Child Star is about a shy suburban boy whose emerging sense of self is fundamentally disrupted by his role in a TV series that dramatises his pubescence. An ingenuous, insidious hybrid of reality show and soap opera, All Right Now! frees sensitive yet average 13-year-old Gerald Wedmore from comprehensive-school purgatory and semi-detached domesticity. It casts him into a more vigorous world, populated by more vivid people – one of whom becomes the first love of his young life.
However, All Right Now! is not recommissioned (arguably the only truly implausible twist). Gerald is soon spat back out into a dreary monochrome netherworld with a vague sense that he's lost something important. As he tells the co-star he fell for, "I've felt hollow ever since it finished." Child Star tells you how he accidentally gets (a bit of) that something back.
Thorne's tender fantasy is too sophisticated for outright satire, and both novelist and narrator are too intelligent to score didactic points. Nevertheless, a suspicion pervades this entertaining, atmospheric book that the camera really can steal your soul. "You're going on television," says Gerald's ringmaster. "That makes you better than everyone else." Thorne quotes Liz Hurley's amusing (yet frightening) description of non-celebrities as civilians, and his astute cautionary tale describes all our vicarious lifestyles – watching celebs living the lives we crave, feeling we can never live ourselves unless we join them.
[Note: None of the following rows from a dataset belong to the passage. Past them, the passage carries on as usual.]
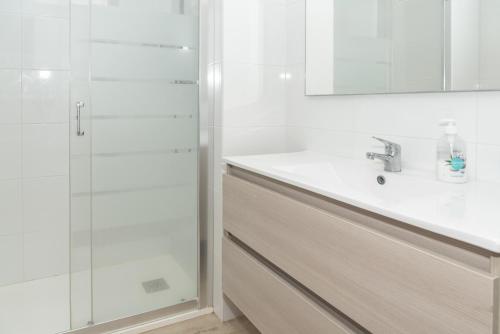 ein weißes Bad mit einem Waschbecken und einer Dusche in der Unterkunft Las Vegas, Esc-1, 4-8 in Cullera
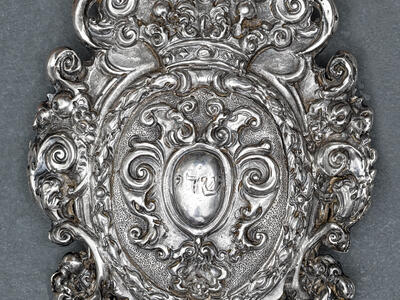 Silver amulet with decorative edges and Hebrew word etched in center. 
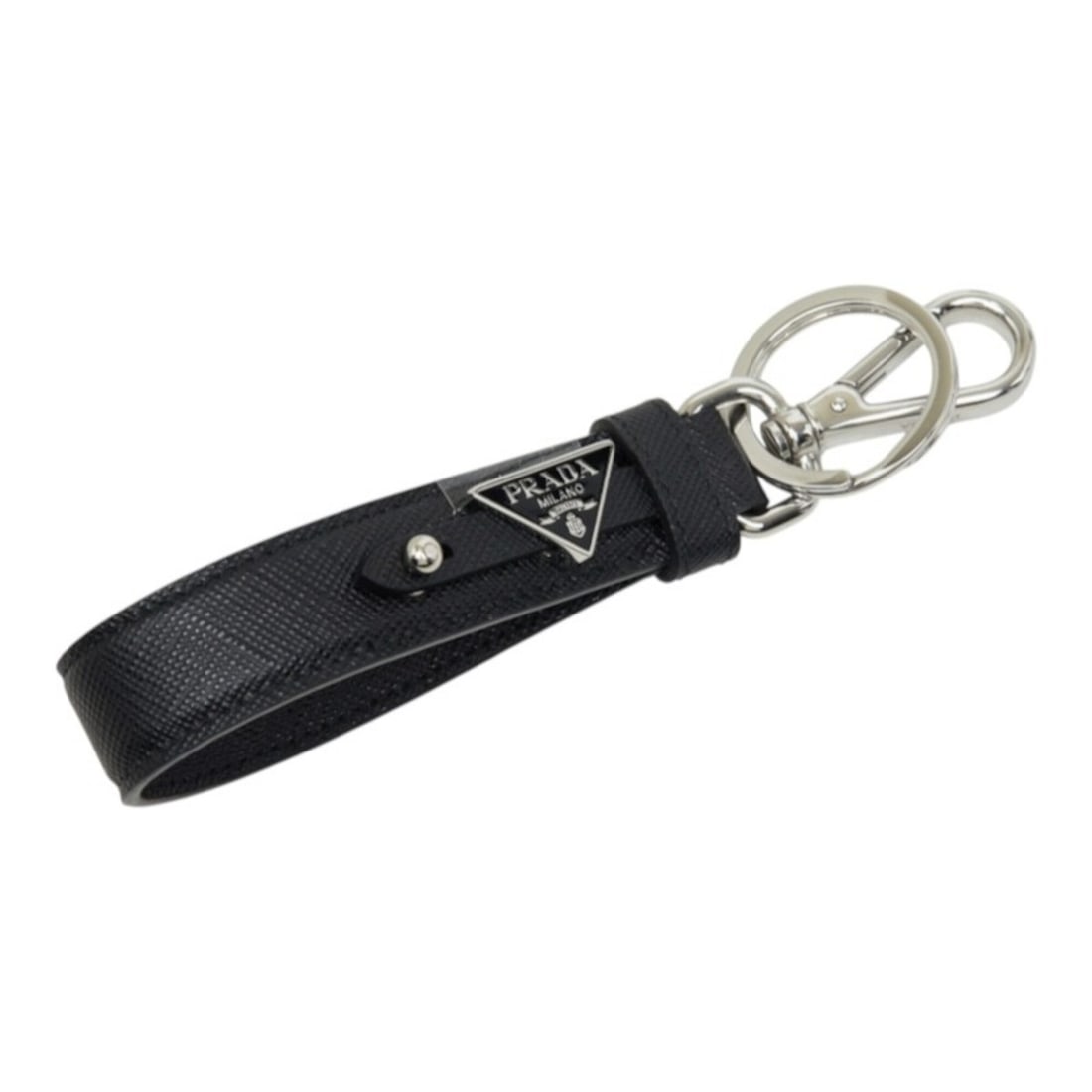Prada Triangle Logo Plate Keyring Keychain Accessory Bag Charm Black Saffiano Leather Women's PRADA: --- Catalog ---Category: SizeSize (HxWxD): 14cm x 2cm / 5.51'' x 0.78''Category: DesignType: KeyringColor: BlackGender: WomenMaterial: LeatherLeather/Fur Type: Saffiano leatherCategory: GeneralBrand: 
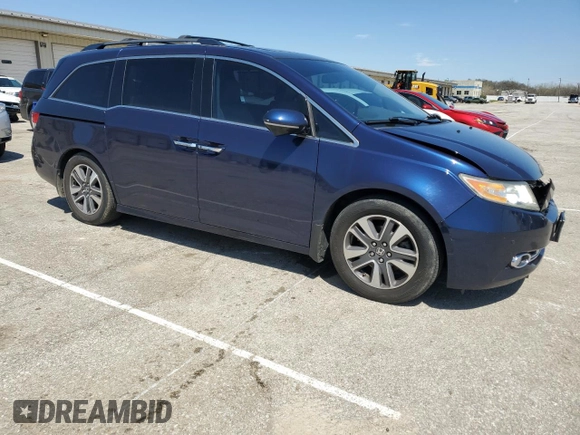 2014 Honda Odyssey Touring with VIN 5FNRL5H96EB068651, listed as a Copart auction lot 51649735 with 157,213 mi miles and Salvage title. Bid and sale history available at DreamBid. Image 4.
"Ever since I could remember, I'd imagined my life was continuously broadcast on a pretend TV station," confides Gerald. However, Child Star isn't only a book about the one-eyed god. Anyone who was happy at school or college, or just being young, will share Gerald's nagging feeling that adult life can often seem like a long epilogue. "Why is it so hard," wonders an older, wiser – and sadder – incarnation of Gerald's onscreen sweetheart, "just to live?'
Thorne is a bit of a child star himself. He's still only in his late twenties, yet this is already his fifth novel. He has also written for film and TV, and coupled with his chatty, confessional narration, the conversational dialogue conjures up an uncanny naturalism that the makers of All Right Now! could only dream of.
Thorne name-checks real showbiz autobiographies (from Geri Haliwell to Victoria Beckham), and TV series. "This isn't EastEnders," declares All Right Now's pompous, amoral dramaturge. "This is a realist drama with sympathetic characters."
Yet far from shattering your suspended disbelief, these journalistic flourishes draw you further in. The realistic surface of Thorne's fiction is a pleasure in itself, but its substance stays with you long after his everyday detail fades away.
"What's the point of living," asks Gerald, plaintively, "if no one knows what you're doing?" As Child Star illustrates with casual eloquence, fame is a new religion for people who no longer believe in God.